In the AI case, the AI is performing exactly as it was defined, in an internally unified way; the ideals by which it is called ‘wireheaded’ are only the intentions and ideals of the human programmers.
I also don’t think it’s practically possible to specify a powerful AI which actually operates to achieve some programmer goal over the external world, without the AI’s utility function being explicitly written over a model of that external world, as opposed to its utility function being written over histories of sensory data.

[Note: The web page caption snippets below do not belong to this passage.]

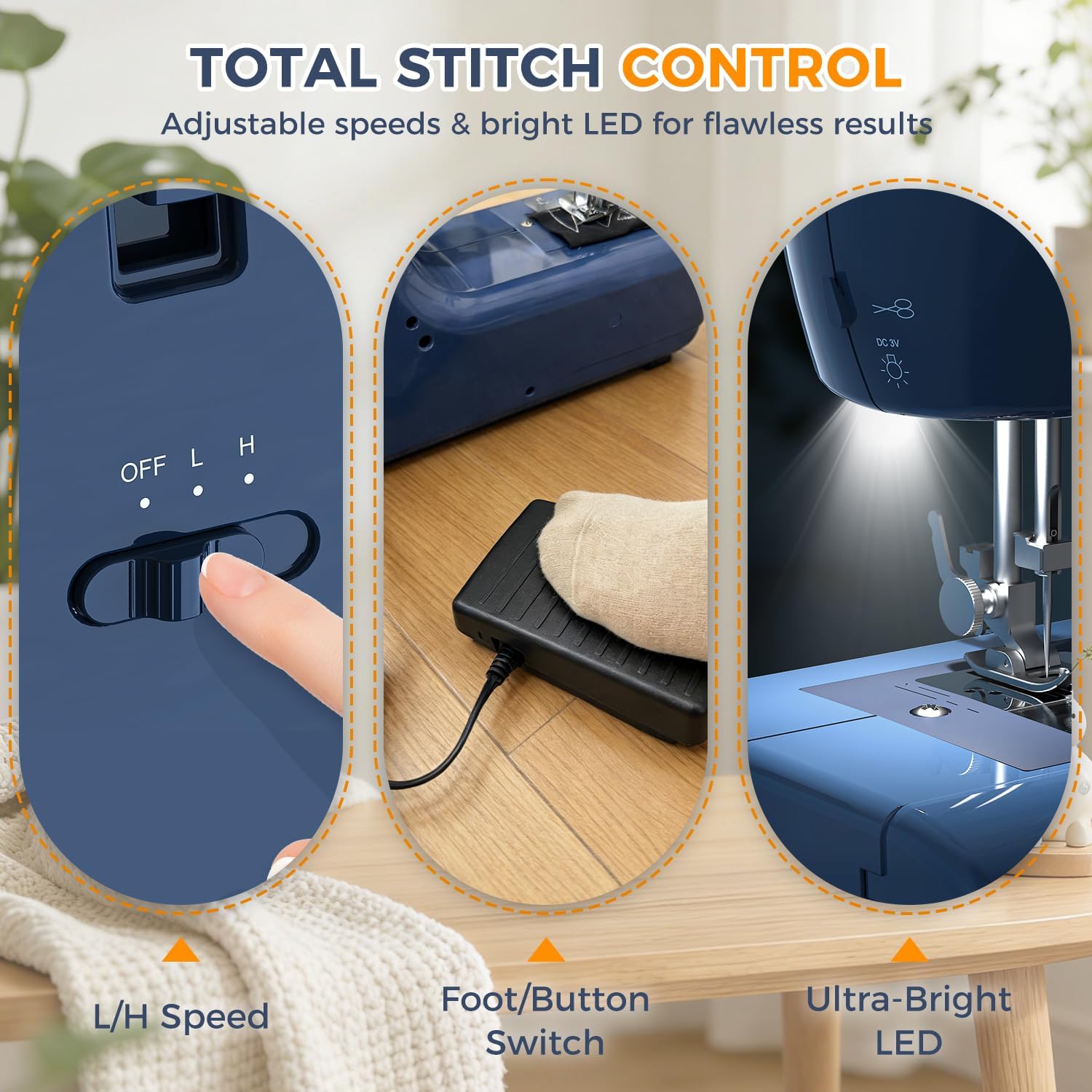 Sewing Machine for Beginners & Adults, 16 Built-in Stitches, 12V 24W Motor, Free Arm, Top Drop-In Bobbin, Dual Speed Foot Pedal, LED Light & Accessories Kit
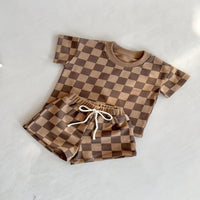 Load image into Gallery viewer, 2 Pieces Set Baby Kid Boys Striped Color-blocking Checked T-Shirts And Shorts Wholesale 250708156
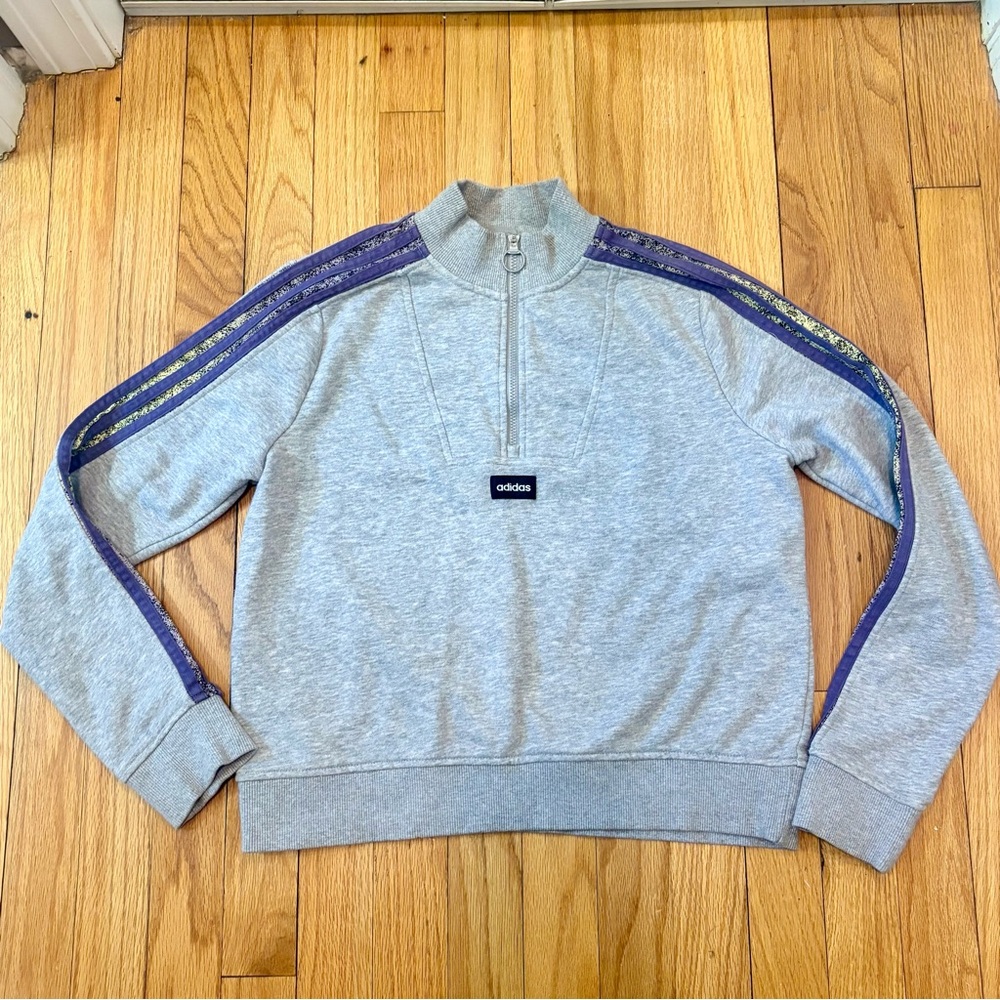✨ ADIDAS ✨ Cropped Gray Quarter Zip Sweatshirt Purple Velvet Stripes Size XS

Illustration: In a universe operating according to Conway’s Game of Life or something similar, can you describe how to build an AI that would want to actually maximize the number of gliders, without that AI’s world-model being over explicit world-states and its utility function explicitly counting gliders? Using only the parts of the universe that directly impinge on the AI’s senses—just the parts of the cellular automaton that impinge on the AI’s screen—can you find any maximizable quantity that corresponds to the number of gliders in the outside world? I don’t think you’ll find any possible way to specify a glider-maximizing utility function over sense histories unless you only use the sense histories to update a world-model and have the utility function be only over that world-model, and even then the extra level of indirection might open up a possibility of ‘wireheading’ (of the AI’s real operation vs. programmer-desired glider-maximizing operation) if any number of plausible minor errors were made.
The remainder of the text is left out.